**To do**
Please write out the data exactly, line by line.

Extracted records:
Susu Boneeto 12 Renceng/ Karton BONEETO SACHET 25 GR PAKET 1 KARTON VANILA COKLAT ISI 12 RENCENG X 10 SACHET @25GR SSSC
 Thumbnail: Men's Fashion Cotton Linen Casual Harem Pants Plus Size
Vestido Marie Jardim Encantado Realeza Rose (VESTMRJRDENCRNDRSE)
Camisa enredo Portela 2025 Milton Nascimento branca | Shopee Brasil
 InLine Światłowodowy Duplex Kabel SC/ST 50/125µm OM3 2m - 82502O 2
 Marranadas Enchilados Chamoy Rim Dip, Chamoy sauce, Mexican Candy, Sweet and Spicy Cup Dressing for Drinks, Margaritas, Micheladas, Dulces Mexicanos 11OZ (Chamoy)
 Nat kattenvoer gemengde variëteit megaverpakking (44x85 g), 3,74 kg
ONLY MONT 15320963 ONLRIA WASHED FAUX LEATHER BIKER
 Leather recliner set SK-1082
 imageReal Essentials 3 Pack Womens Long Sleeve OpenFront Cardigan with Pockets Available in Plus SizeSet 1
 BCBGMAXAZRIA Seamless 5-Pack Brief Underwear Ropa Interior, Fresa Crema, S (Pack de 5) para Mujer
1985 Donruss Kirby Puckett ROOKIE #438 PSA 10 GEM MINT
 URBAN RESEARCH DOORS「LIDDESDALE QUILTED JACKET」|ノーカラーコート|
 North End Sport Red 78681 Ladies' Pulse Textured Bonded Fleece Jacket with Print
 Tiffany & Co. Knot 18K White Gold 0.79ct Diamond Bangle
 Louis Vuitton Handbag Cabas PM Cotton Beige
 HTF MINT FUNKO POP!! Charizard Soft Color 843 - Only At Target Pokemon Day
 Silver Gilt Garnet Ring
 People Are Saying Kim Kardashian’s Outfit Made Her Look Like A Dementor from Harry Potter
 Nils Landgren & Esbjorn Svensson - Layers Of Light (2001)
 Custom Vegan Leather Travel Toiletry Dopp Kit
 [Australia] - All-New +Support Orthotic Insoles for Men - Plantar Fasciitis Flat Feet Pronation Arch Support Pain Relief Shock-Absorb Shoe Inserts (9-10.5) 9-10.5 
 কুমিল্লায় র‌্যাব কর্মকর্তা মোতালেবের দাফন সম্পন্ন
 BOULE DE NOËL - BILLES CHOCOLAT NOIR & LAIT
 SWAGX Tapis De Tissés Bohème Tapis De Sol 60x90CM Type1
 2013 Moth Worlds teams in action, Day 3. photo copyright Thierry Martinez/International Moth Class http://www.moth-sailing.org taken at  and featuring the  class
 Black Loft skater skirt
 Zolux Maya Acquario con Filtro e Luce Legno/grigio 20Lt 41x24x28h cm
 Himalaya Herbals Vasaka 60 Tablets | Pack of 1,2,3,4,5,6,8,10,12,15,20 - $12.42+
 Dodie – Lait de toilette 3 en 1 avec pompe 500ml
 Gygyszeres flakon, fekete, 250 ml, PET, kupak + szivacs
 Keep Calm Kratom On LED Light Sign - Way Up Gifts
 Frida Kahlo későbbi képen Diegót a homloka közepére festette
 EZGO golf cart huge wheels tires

**Answer section**
Susu Boneeto 12 Renceng/ Karton BONEETO SACHET 25 GR PAKET 1 KARTON VANILA COKLAT ISI 12 RENCENG X 10 SACHET @25GR SSSC
 Thumbnail: Men's Fashion Cotton Linen Casual Harem Pants Plus Size
Vestido Marie Jardim Encantado Realeza Rose (VESTMRJRDENCRNDRSE)
Camisa enredo Portela 2025 Milton Nascimento branca | Shopee Brasil
 InLine Światłowodowy Duplex Kabel SC/ST 50/125µm OM3 2m - 82502O 2
 Marranadas Enchilados Chamoy Rim Dip, Chamoy sauce, Mexican Candy, Sweet and Spicy Cup Dressing for Drinks, Margaritas, Micheladas, Dulces Mexicanos 11OZ (Chamoy)
 Nat kattenvoer gemengde variëteit megaverpakking (44x85 g), 3,74 kg
ONLY MONT 15320963 ONLRIA WASHED FAUX LEATHER BIKER
 Leather recliner set SK-1082
 imageReal Essentials 3 Pack Womens Long Sleeve OpenFront Cardigan with Pockets Available in Plus SizeSet 1
 BCBGMAXAZRIA Seamless 5-Pack Brief Underwear Ropa Interior, Fresa Crema, S (Pack de 5) para Mujer
1985 Donruss Kirby Puckett ROOKIE #438 PSA 10 GEM MINT
 URBAN RESEARCH DOORS「LIDDESDALE QUILTED JACKET」|ノーカラーコート|
 North End Sport Red 78681 Ladies' Pulse Textured Bonded Fleece Jacket with Print
 Tiffany & Co. Knot 18K White Gold 0.79ct Diamond Bangle
 Louis Vuitton Handbag Cabas PM Cotton Beige
 HTF MINT FUNKO POP!! Charizard Soft Color 843 - Only At Target Pokemon Day
 Silver Gilt Garnet Ring
 People Are Saying Kim Kardashian’s Outfit Made Her Look Like A Dementor from Harry Potter
 Nils Landgren & Esbjorn Svensson - Layers Of Light (2001)
 Custom Vegan Leather Travel Toiletry Dopp Kit
 [Australia] - All-New +Support Orthotic Insoles for Men - Plantar Fasciitis Flat Feet Pronation Arch Support Pain Relief Shock-Absorb Shoe Inserts (9-10.5) 9-10.5 
 কুমিল্লায় র‌্যাব কর্মকর্তা মোতালেবের দাফন সম্পন্ন
 BOULE DE NOËL - BILLES CHOCOLAT NOIR & LAIT
 SWAGX Tapis De Tissés Bohème Tapis De Sol 60x90CM Type1
 2013 Moth Worlds teams in action, Day 3. photo copyright Thierry Martinez/International Moth Class http://www.moth-sailing.org taken at  and featuring the  class
 Black Loft skater skirt
 Zolux Maya Acquario con Filtro e Luce Legno/grigio 20Lt 41x24x28h cm
 Himalaya Herbals Vasaka 60 Tablets | Pack of 1,2,3,4,5,6,8,10,12,15,20 - $12.42+
 Dodie – Lait de toilette 3 en 1 avec pompe 500ml
 Gygyszeres flakon, fekete, 250 ml, PET, kupak + szivacs
 Keep Calm Kratom On LED Light Sign - Way Up Gifts
 Frida Kahlo későbbi képen Diegót a homloka közepére festette
 EZGO golf cart huge wheels tires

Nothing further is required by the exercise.